Secara teoritis, bahasan tentang kemiskinan telah banyak disampaikan oleh para pemerhati dan ilmuwan yang melakukan pendalaman kajian pada permasalahan kemiskinan, hingga muncul berbagai konsep dan pandangan serta upaya untuk menanggulangi kemiskinan itu sendiri. Salahsatu konsep budaya kemiskinan yang disampaikan seorang antropolog Budi Rajab (2004), memaknai kemiskinan sebagai ketidaksanggupan seseorang atau sekelompok orang untuk dapat memenuhi dan memuaskan keperluan-keperluan dasar materialnya. Konsep tersebut memberikan pengertian bahwa kemiskinan adalah ketidakcukupan seseorang memenuhi kebutuhan-kebutuhan primernya, seperti pangan, sandang serta papan untuk kelangsungan hidup dan meningkatkan posisi sosial stukturalnya. Sumberdaya material yang dimiliki dan dikuasainya betul-betul sangat terbatas, sekedar mampu digunakan untuk mempertahankan kehidupan fisiknya dan tidak memungkinkan dapat dimanfaatkan untuk meningkatkan kesejahteraannya.

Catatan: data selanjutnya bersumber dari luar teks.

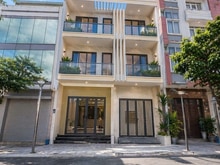 Hình ảnh Bán Tòa Nhà Mặt Tiền Núi Thành - Sát Etown Cộng Hòa Tân Bình 110m2  5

Lebih lanjut disampaikan bahwa ada tiga pendekatan yang mencoba menjelaskan mengenai sebab-sebab kemiskinan, yaitu system approach, decision- making model dan structural approach. Berdasarkan pada pendekatan sistem (system approach), akar kemiskinan lebih diakibatkan dengan adanya keterbatasan pada aspek-aspek geografi, ekologi, teknologi dan demografi. Kondisi kemiskinan yang disebabkan oleh faktor-faktor tersebut, dianggap lebih banyak menekan warga masyarakat yang tinggal di wilayah pedesaan atau pedalaman, sehingga perlu dilakukan intervensi tertentu untuk meningkatkan kemampuan daya dukung lingkungan alam melalui introduksi teknologi baru yang memiliki kemampuan dan kapasitas lebih besar dalam mengekplorasi dan mengeksploitasi sumber-sumberdaya stuktural, sehingga dapat tercapai surplus produksi serta dapat meningkatkan nilai tambah hasil produksi, selain juga harus diupayakan untuk membangun dan memperbaiki prasarana dan sarana transportasi dan komunikasi publik yang memungkinkan daerah yang bersangkutan menjadi terbuka, sehingga memudahkan arus pertukaran barang dan jasa, serta diterapkannya program untuk mengerem laju pertumbuhan penduduk (Budi Rajab, 2004).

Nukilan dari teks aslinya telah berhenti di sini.